■ **Work to be completed**:
Reproduce the listing below word for word and exclude any picture.

■ **Data block**:
# # # # #
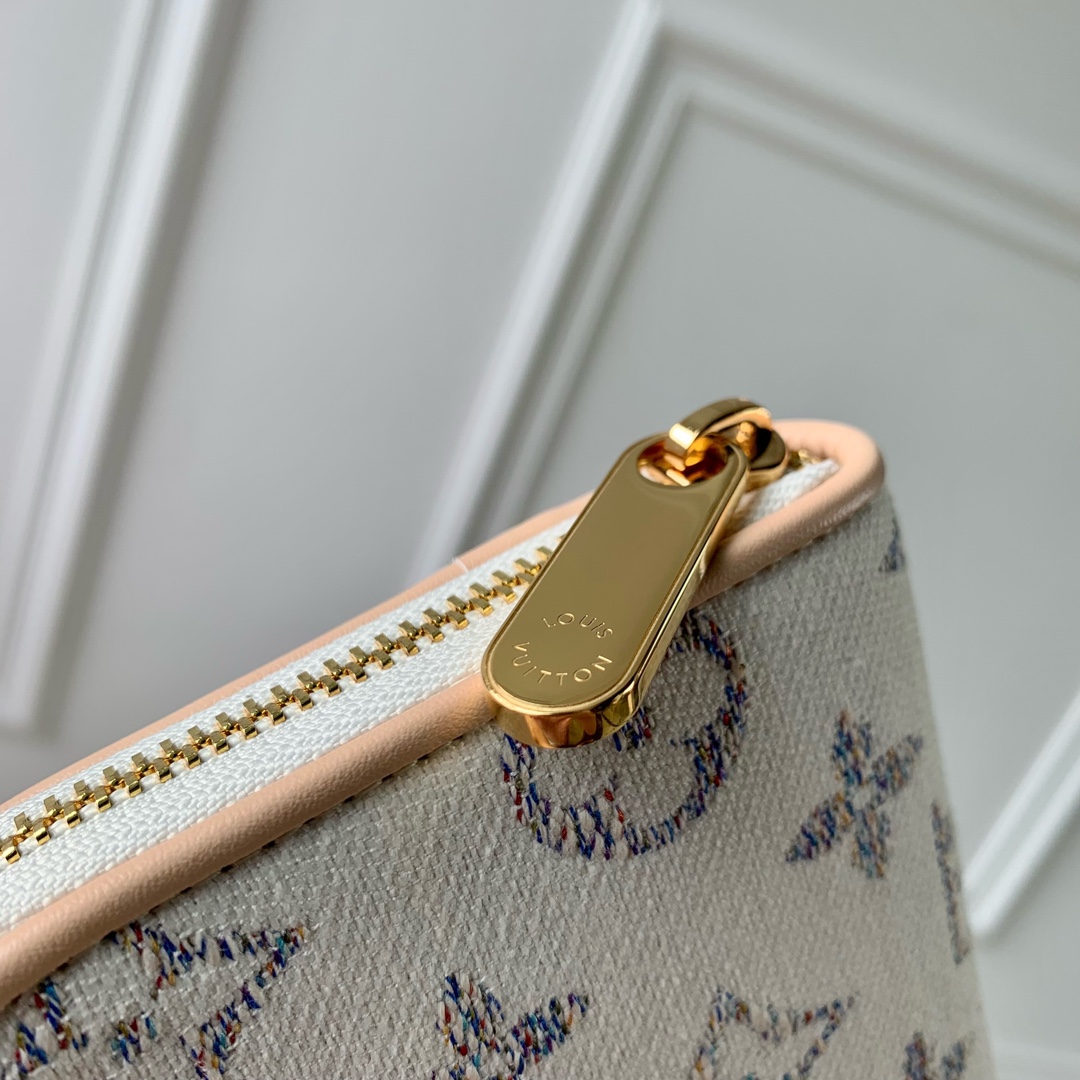 l**is V*t*n wallet m83456-19.5 x 10.5 x 2.5cm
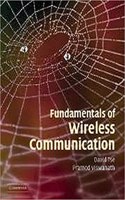 Fundamentals Of Wireless Communication, 1/E Pb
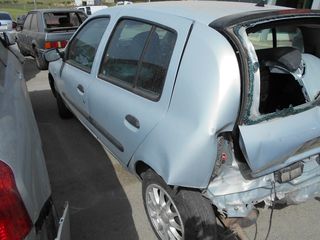 RENAULT CLIO 2003 1400CC K4JC7 ΠΩΛΟΥΝΤΑΙ ΑΝΤΑΛΛΑΚΤΙΚΑ ΜΗΧΑΝΙΚΑ ΚΑΙ ΦΑΝΟΠΟΙΕΙΑΣ-thumb-2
# # # # #
■ **Answer for this exercise**:
 l**is V*t*n wallet m83456-19.5 x 10.5 x 2.5cm
 Fundamentals Of Wireless Communication, 1/E Pb
 RENAULT CLIO 2003 1400CC K4JC7 ΠΩΛΟΥΝΤΑΙ ΑΝΤΑΛΛΑΚΤΙΚΑ ΜΗΧΑΝΙΚΑ ΚΑΙ ΦΑΝΟΠΟΙΕΙΑΣ-thumb-2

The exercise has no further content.